国王杯では決勝進出、ヨーロッパリーグ(EL)でもベスト4入りを果たした。国内と欧州で2冠の可能性を残している“カップ戦線”では大成功とも言えるシーズンを過ごしている。
しかし、リーガではさっぱり振るわない。
スペイン対決となったEL準々決勝でバレンシアとの激闘を制した後、キケ・フローレス監督は「これでチームは長い間かかっていた病気から回復した」と語ったものの、その直後、最下位のヘレスにホームで1-2と敗北。さらに翌節、ビジャレアルにも競り負けて、ヘレス戦前のエスパニョール戦も含めてリーガ3連敗で10位と、泥沼に足を踏み込んでいる。
カップ戦もリーグ戦も同じメンバーなのに勝率が違う理由。
監督のキケはこれまで、カップ戦もリーガもほぼ同じメンバーで臨んでおり、どちらかを優先するということはしなかった。カップ戦、リーガ共に、アグエロ、フォルラン、シモン、レジェスによる電光石火のカウンターが彼らの生命線となっている。バルセロナをも撃破した欧州屈指の“4本の矢”が猛威を振るい、決定的なチャンスを生み出してきた。

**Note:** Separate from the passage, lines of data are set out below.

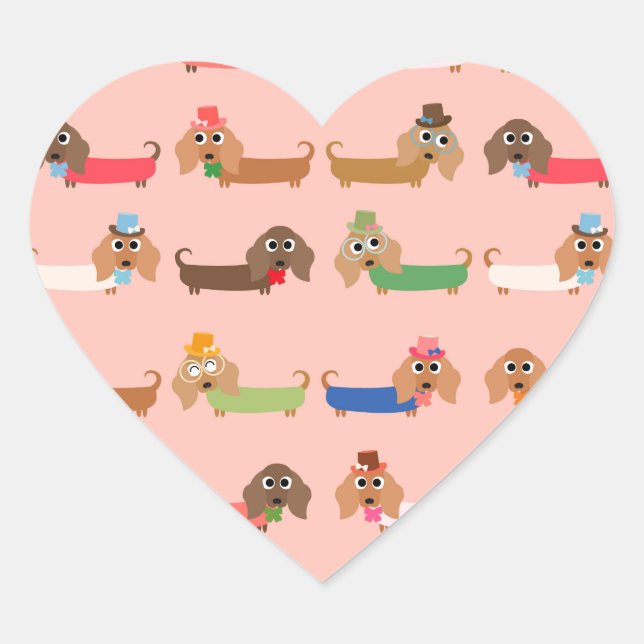 Sticker Cœur Dachshunds amusants (Devant)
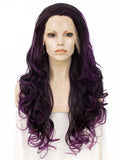 Long Eggplant Dark Purple Ombre Wavy Synthetic Lace Front Wig - FashionLoveHunter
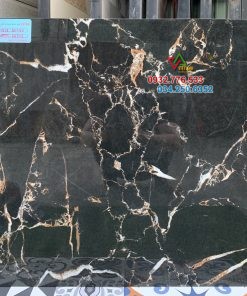 Gạch 60×60 marble đen vân cam sang trọng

一方の守備陣は、中盤を省略した攻撃を仕掛けることで生じる弊害に悩まされている。最終ライン、中盤、前線が連動してボールを運ぶことが少ないので、チーム全体が間延びする。シュートで攻撃を終えた場合はさほど問題は生じないが、前掛かりになった状態でボールを奪われたとき、カウンターを受けて自陣深くまで攻め込まれてしまう。ウイファルシ、ペレア、アントニオ・ロペスなど各国代表クラスのDFを擁していながら、33節を終えた時点で無失点試合はわずか6。組織的なディフェンスは全くと言っていいほど機能していない。
この点から、長丁場のリーガでアトレティコが苦しんでいる理由が浮かび上がってくる。目の覚めるようなファインゴールを決めても、あまりに守備が脆いため勝ちきれない。当然勝ち点は伸びず、上位進出は難しくなっている。